Archiving the list

I see the posts made from GG are being archived at www.mail-archive.com. It doesn’t look as though the ones posted from Discourse are being captured. I have no idea if it’s easy or possible to get them to archive a Discourse board but it might be worth considering.

I don’t know anything about Mail Archive in particular (in the sense that I guess it’s a free service and we hope they stay around?). Looks like someone subscribed an email there at some point. There seem (from search results) to be various things that grab GG content.

For Discourse, since it isn’t email first, the methods are slightly different. We have backups, plus the entire server is backed up. It also should be web crawlable so e.g. Internet Archive / Wayback Machine can get content as needed.

I did a little research, and the Discourse Data Explorer Plugin (which “explores” the data in the database) can be used to export to CSV, among other formats

@clutterstack can you say more about what you think should be done?

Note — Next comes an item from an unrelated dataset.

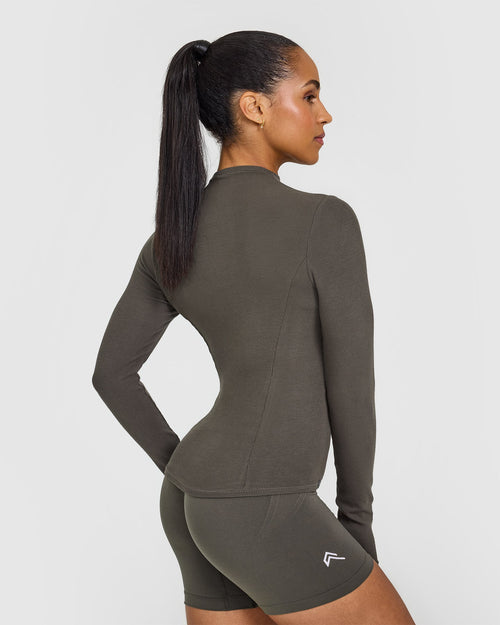 Mellow™ Rib Mock Neck Long Sleeve Top | Deep Taupe
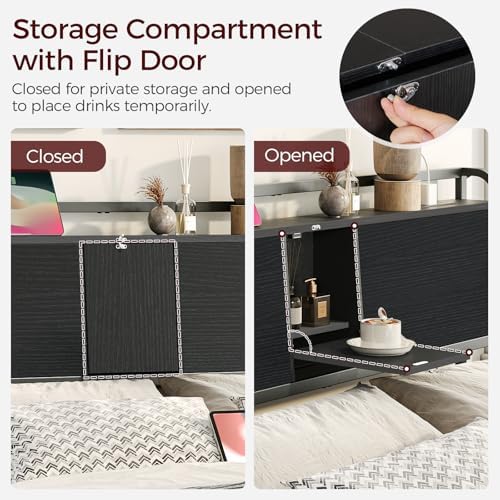 MAHANCRIS Headboard King Size with 2 Power Strips and Flip Door Storage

Do you want to take on researching this and making recommendations?

For me, the ideal archive for the forums would be a GitHub repo that anyone could clone and use offline.

Given that Discourse uses an RDBMS, presumably we’d need a Cron job/GitHub Action that periodically uses the API to update the archive and commit it back.

There seems to be a data-explorer plugin:

So once we know how to extract the content in a format that works, there is a JSON and a CSV export button in the UI screenshots. …

The docker container running the app seems to have a postgresql cli installed. But I don’t know how easy it will be to send data to the outside. … But it should be possible.

@jeremyruston What format would the archive ideally take on GitHub?

It looks as though lots of people have talked about archiving Discourse sites, but there doesn’t seem to be one obvious solution.

Here’s one fairly info-rich thread on it: A basic Discourse archival tool - dev - Discourse Meta. After a quick scan, it looks like everybody there is talking about crawling the forum site and making a kind of limited static copy rather than using database queries.

Suggestions there:

HTTrack website copier (older, general-purpose tool, infinite scroll a barrier?)

A Juptyer notebook by the thread’s OP Mark McClure for archiving his Discourse site – example output

A fork of Mark McClure’s ArchiveDiscourse by GitHub user kitsandkats notably grabbing all the posts in a topic. Results: https://discuss-learn.media.mit.edu/ Note lack of dates.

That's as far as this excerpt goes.